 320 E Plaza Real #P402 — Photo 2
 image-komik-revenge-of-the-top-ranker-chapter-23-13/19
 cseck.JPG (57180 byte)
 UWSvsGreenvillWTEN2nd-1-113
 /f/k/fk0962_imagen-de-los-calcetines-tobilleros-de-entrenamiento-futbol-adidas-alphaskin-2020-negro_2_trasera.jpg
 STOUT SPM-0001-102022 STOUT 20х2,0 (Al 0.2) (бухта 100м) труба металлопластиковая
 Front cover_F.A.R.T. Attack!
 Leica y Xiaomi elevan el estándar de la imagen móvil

· · · ·

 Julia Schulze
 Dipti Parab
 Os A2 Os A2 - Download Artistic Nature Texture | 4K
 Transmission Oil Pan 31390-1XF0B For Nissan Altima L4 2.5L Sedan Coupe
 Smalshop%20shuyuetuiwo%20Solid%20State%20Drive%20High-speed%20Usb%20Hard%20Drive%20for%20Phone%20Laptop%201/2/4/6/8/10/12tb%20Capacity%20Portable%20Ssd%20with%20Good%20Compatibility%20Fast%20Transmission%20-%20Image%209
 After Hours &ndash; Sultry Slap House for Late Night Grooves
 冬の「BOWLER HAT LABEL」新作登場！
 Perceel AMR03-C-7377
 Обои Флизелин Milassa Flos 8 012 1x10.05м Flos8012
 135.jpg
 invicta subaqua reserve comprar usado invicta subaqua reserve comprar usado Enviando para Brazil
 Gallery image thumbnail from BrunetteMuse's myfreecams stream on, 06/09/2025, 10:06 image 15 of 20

· · · ·

WHAT IS EXPECTED:
Once you reach the line with "冬の「BOWLER HAT LABEL」新作登場！" in the data above, copy it and every line after it exactly, up to and including the line with "Gallery image thumbnail".

TASK RESULT:
 冬の「BOWLER HAT LABEL」新作登場！
 Perceel AMR03-C-7377
 Обои Флизелин Milassa Flos 8 012 1x10.05м Flos8012
 135.jpg
 invicta subaqua reserve comprar usado invicta subaqua reserve comprar usado Enviando para Brazil
 Gallery image thumbnail from BrunetteMuse's myfreecams stream on, 06/09/2025, 10:06 image 15 of 20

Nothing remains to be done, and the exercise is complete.